Contudo, o estudo de maior impacto conduzido pela consultoria no Brasil foi o que levou à privatização do setor das telecomunicações durante o governo de Fer­nan­do Henrique Cardoso (FHC), anali­sado pelo professor Venício Artur de Lima no artigo “Globalização e políticas públicas no Brasil: a privatização das comunica­ções entre 1995 e 1998”, publicado na Revista Brasileira de Política Internacional (RBPI), em 1998. Professor titular de Ciência Política e Comunicação da UnB (aposentado), Lima atualmente é pesquisador senior do Centro de Estudos Republicanos Brasileiros (Cerbras) da UFMG.

Sem licitação

Em 1995, o Congresso Nacional aprovou a emenda à Constituição que quebrou o monopólio estatal das telecomunicações, e, em junho de 1996, o Ministério das Comunicações celebrou um Termo de Cooperação com a União Interna­cio­nal de Telecomunicações (UIT), por meio do qual pretendia obter “apoio técnico e metodológico com vistas à modernização do setor de telecomunicações”, vale dizer, ao novo desenho da Lei Geral de Telecomunicações (LGT), à formulação do novo modelo econômico do setor e à privatização das “teles”. Não houve licitação. O orçamento inicial, de US$ 5,1 milhões, foi depois ampliado para US$ 16,6 milhões.

Para desenvolver esse trabalho, a UIT contratou como principal consultor a McKinsey & Company, Inc. “Quase um ano mais tarde, em abril de 1997, a McKinsey seria novamente contratada, agora para substituir como segunda colocada, a Coopers & Lybrand, que por ‘razões operacionais’ (sic) teve seu contrato encerrado”, diz Lima.

O professor assinala a progressiva transformação da UIT, em paralelo à redefinição conceitual do setor das comunicações, vistas não mais como serviço público, mas como uma atividade rentável. Cita Jill Hills (1997), segundo quem “a década de 1980 assinalou o surgimento de uma forma de privatização de instituições internacionais como a UIT, onde o conceito prévio de soberania nacio­nal começou a ser minado por pressões em admitir interesses privados nas negociações”. Tais mudanças, lideradas pela ação dos EUA, culminam com a criação da Organização Mundial do Comércio (OMC) e a assinatura do Acordo Geral sobre Telecomunicações em 1997.

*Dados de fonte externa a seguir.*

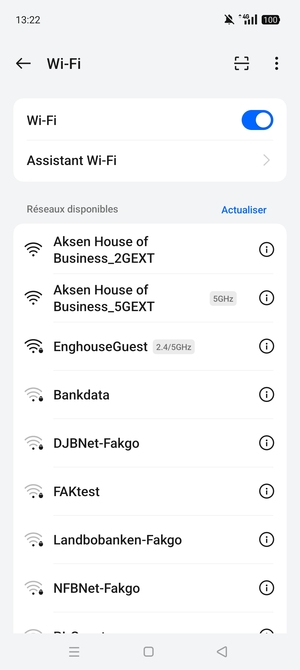 Sélectionnez le réseau sans fil auquel vous souhaitez vous connecter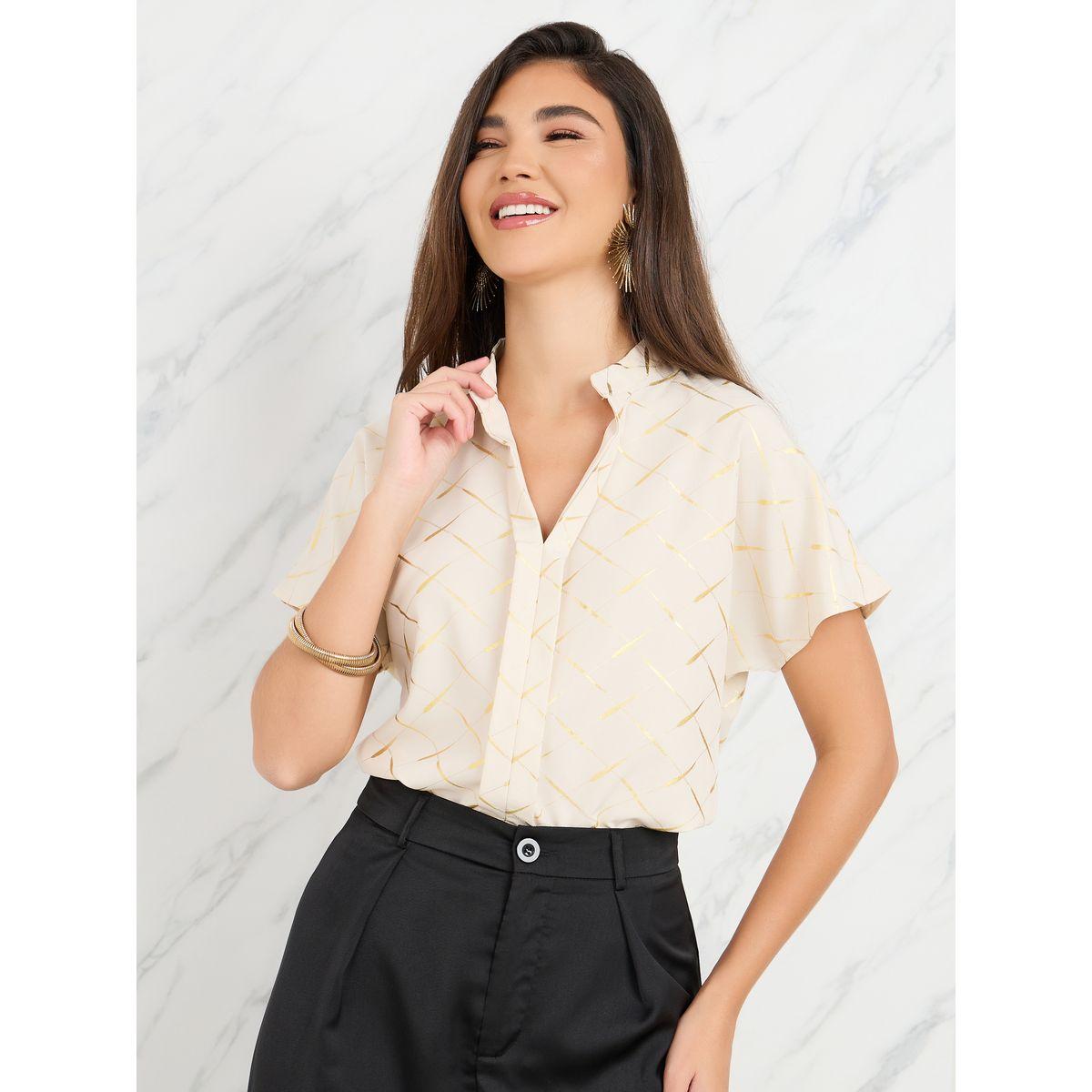 بلوزة بطبعة فويل وياقة مدببة-women-clothing-shirtsandblouses-blouses-image-1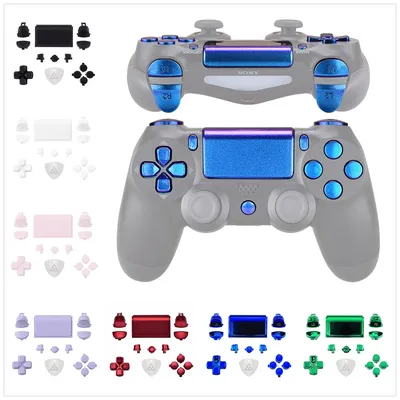 EXtremeRate Individuelle Full Set Tasten L1R1 L2R2 Dpad Hause Teilen Optionen w/Werkzeuge für PS4 Image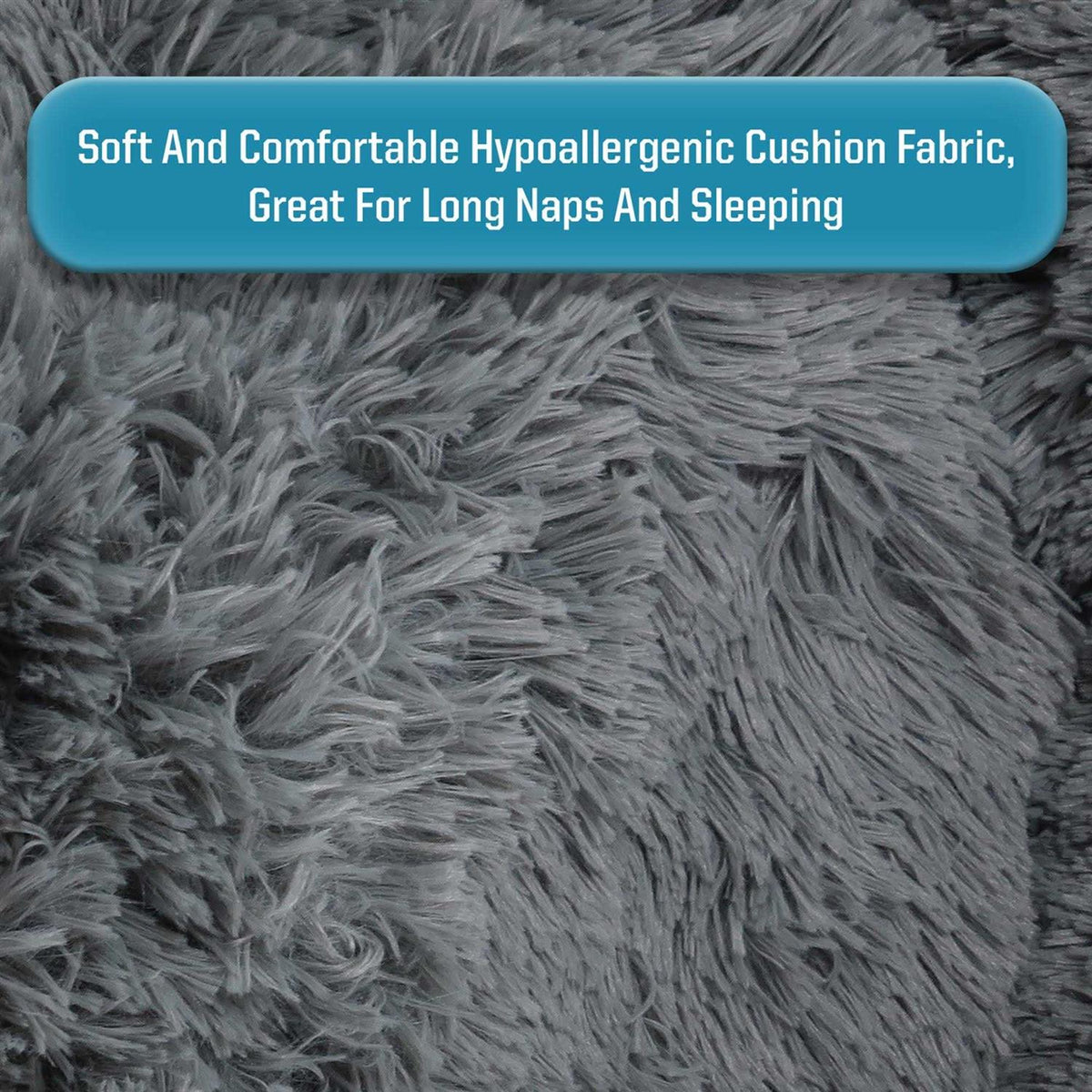 Shaggy Donut Bed W9764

“A contratação pelo governo brasileiro da McKinsey, através da UIT, revela o componente internacional da LGT, uma das características da nova política. A UIT, um organismo das Nações Unidas, transformou-se, como vimos, em um espaço de atuação e exercício de poder dos global players do setor. A McKinsey — ela própria uma grande consultoria internacional — está em sintonia com os interesses desses global players, muitos deles clientes seus”. Assim, o projeto da LGT e o desenho da privatização da Telebras proposto pela McKinsey “adequaram-se perfeitamente aos objetivos do governo [FHC] preparando o caminho legal para a participação — sem restrições — do capital internacional no processo, como de fato veio a ocorrer”.

“Estreito vínculo”

Na vizinha Argentina, a McKinsey está operando para desfazer a Ley de Medios criada pelo governo de Cristina Kirschner. Foi o que revelou o jornalista Fernando Krakowiak, no jornal Página 12, em 11/6/16: “O governo Maurício Macri começa a fazer público seu estreito vínculo com a consultoria McKinsey. Página 12 revelou, em 22/5, que a firma norte-americana está assessorando o desenho de um novo marco regulatório das comunicações”.

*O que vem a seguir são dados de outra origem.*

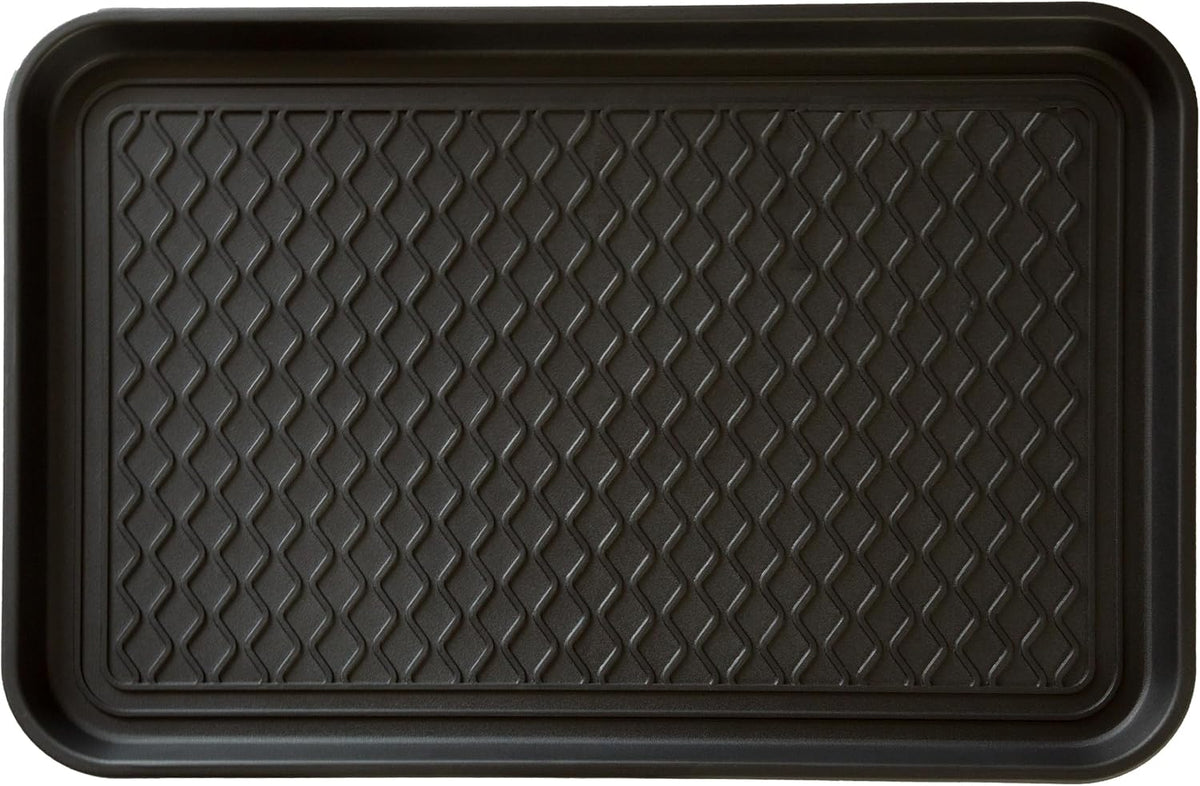 Stalwart All-Weather Outdoor or Indoor Boot Tray, Black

Em 29/6, prossegue o Página 12, o chefe de Gabinete de Macri, Marcos Peña, ao responder a perguntas que lhe foram encaminhadas por deputados da oposição, declarou que a direção da estatal Arsat, depois de considerar as propostas apresentadas pelas empresas “Boston Consulting Group, McKinsey&Company e Bain&Co, decidiu dar início às tratativas necessárias para a contratação da firma McKinsey&Company”.

A atuação da consultoria norte-americana na Argentina repete um padrão de negociações sigilosas e de “política de fato consumado”, segundo relato do jornal: “Em 4/7 o governo difundiu no seu canal no YouTube imagens de uma reunião que o próprio Macri teve com os representantes da McKinsey em 27/6, os quais há vários meses trabalham como se o contrato tivesse sido assinado. O governo lhes pagará 12,5 milhões de pesos por uma assessoria de 16 semanas, que não é o único negócio acertado com o oficialismo”.

A relação da McKinsey com Macri não se esgota no ataque à Ley de Medios. A consultoria produziu e mandou imprimir o livro Reimaginando a Argentina, descrito por um blogue de oposição como “uma publicação bilíngue de luxo que inclui ‘25 reflexões de líderes’, todos argentinos, e que a empresa prometeu distribuir entre 1.500 lideranças globais para promover as supostas oportunidades que se abriram no país a partir da chegada de Macri ao poder”.

Quem paga?

Em Portugal, o vínculo entre o então recém-nomeado presidente da Caixa Geral de Depósitos (CGD), banco público, e a McKinsey gerou questi­o­namentos no parlamento. O jornal Expresso de 27/9/16 revelou que António Domingues, vice-presidente do banco privado BPI convidado a assumir a presidência da CGD, “admitiu ter contratado a Mckinsey e o escritório de advogados de Sá Carneiro para o assessorar no processo de recapita­li­za­ção da Caixa antes de ser presi­dente, mas quem irá pagar será o banco público”.

“Ainda antes de tomar posse”, frisa o jornal, “António Domingues contratou a consultoria McKinsey e o escritório Sá Carneiro” para que o assessorassem no desenho do plano que seria submetido às autoridades europeias. “A escolha foi minha e resultou da minha avaliação do que seria preciso para negociar com Bruxelas”, declarou o executivo a uma Comissão Parlamentar de Inquérito, referindo-se à sede da União Europeia (UE).

“O Estado não contratou essa assessoria e a Caixa neste momento não contratou essa assessoria”, declarara, em julho, o ministro das Finanças, Mário Centeno. Frente às declarações contraditórias, o Partido Popular-CDS (democracia cristã) pediu explicações ao ministro, para que “diga quando é que o governo tomou conhecimento da contratação da Mckinsey e de Sá Carneiro” e explique “que ações tomou para garantir e fiscalizar a inexistência de conflitos de interesse, em ambas as assessorias”.

Aos deputados, prossegue o Expresso, “o novo presidente da Caixa adiantou que em agosto escre­veu ao ministro das Finanças de­fendendo que o pagamento deveria ser feito pelo banco público, uma vez que elas [as consultorias] ajudaram o plano a passar em Bruxelas”. Centeno, então, “concedeu levar ao conselho de administração da CGD esta questão do pagamento por parte do banco, onde eu não votarei porque fui eu que contratei”, explicou Domingues.  Em 28/10, os principais jornais de Portugal revelaram o valor a ser pago pelo banco estatal “por um estudo que não encomendou”: 3 milhões de euros.